*WORK REQUEST*. The answer must be an exact copy of the lines from the one with "Safavieh Adelee Wood" through the final line of the records below, with no pictures.

───── DATA FOR THIS EXERCISE

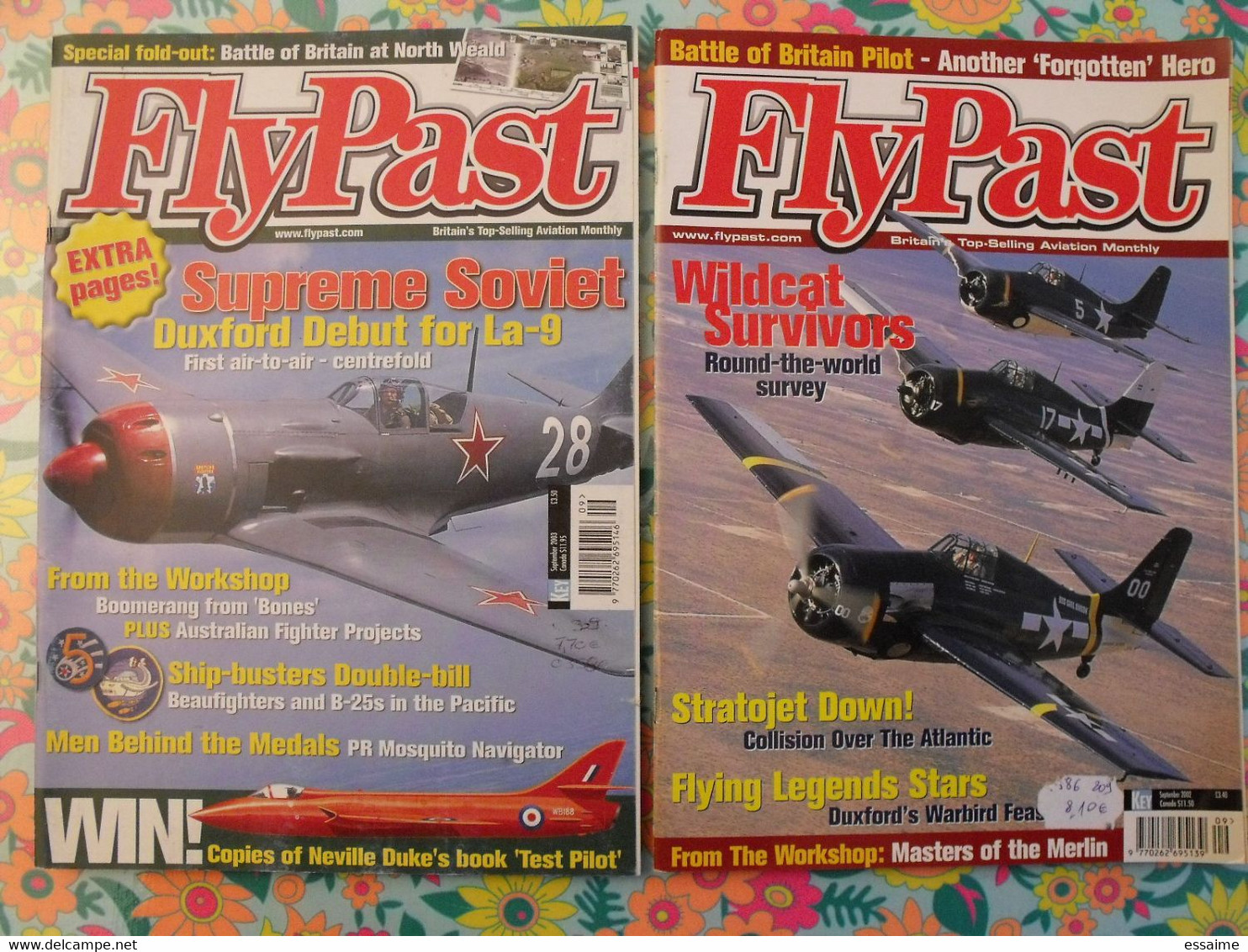 Fly Past. En Anglais.  Septembre 2002 Et Juillet 2003. Wildcat Sabre Heinkel Luftwaffe Flypast - Guerre 1939-45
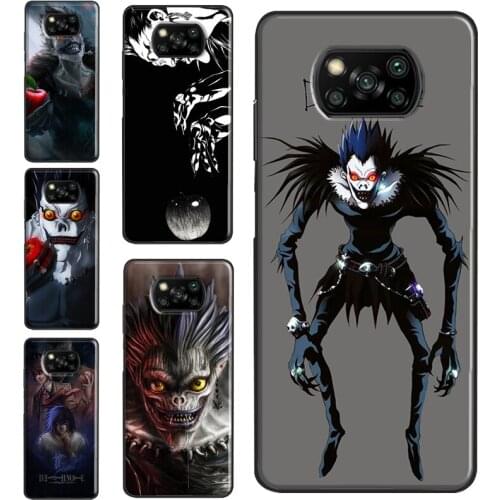 Ryuk Death Note For POCO X3 Pro M3 F2 F3 Pro Case For Xiaomi Mi 10T Pro 9T Mi Note 10 Lite 11 Ultra Cover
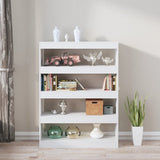 NNEVL Book Cabinet/Room Divider High Gloss White 100x30x135 cm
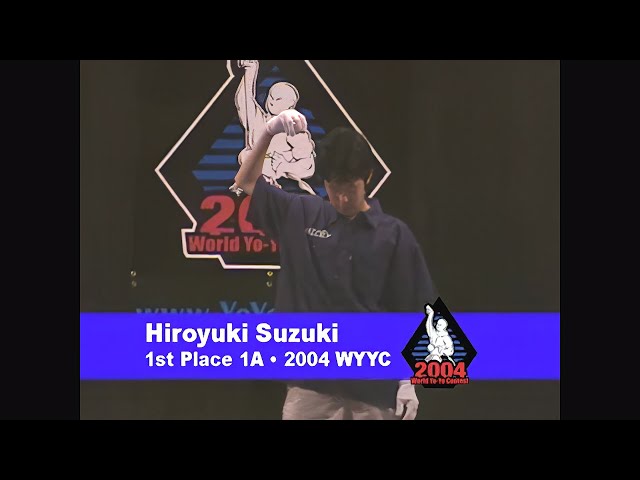 2004 World Yo Yo Contest - Hiroyuki Suzuki (UPSCALE)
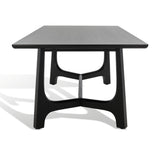 Safavieh Adelee Wood Rectangle Dining Table XII23 Black Wood SFV2136B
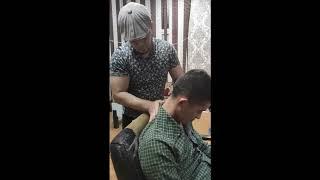 ASMR Face massage & Head Massage | ASMR Uzbek Barber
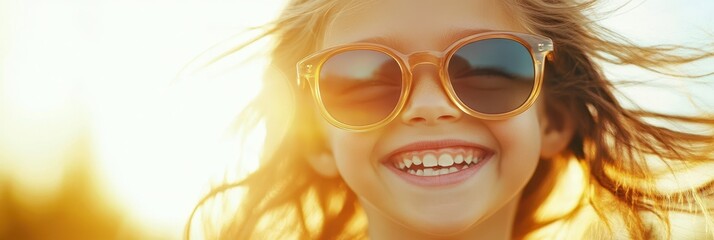 Joyful Child Enjoying a Sunny Bank Holiday With Laughter and Smiles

──────────

*WRITTEN RESPONSE*.
 Safavieh Adelee Wood Rectangle Dining Table XII23 Black Wood SFV2136B
 ASMR Face massage & Head Massage | ASMR Uzbek Barber
 Joyful Child Enjoying a Sunny Bank Holiday With Laughter and Smiles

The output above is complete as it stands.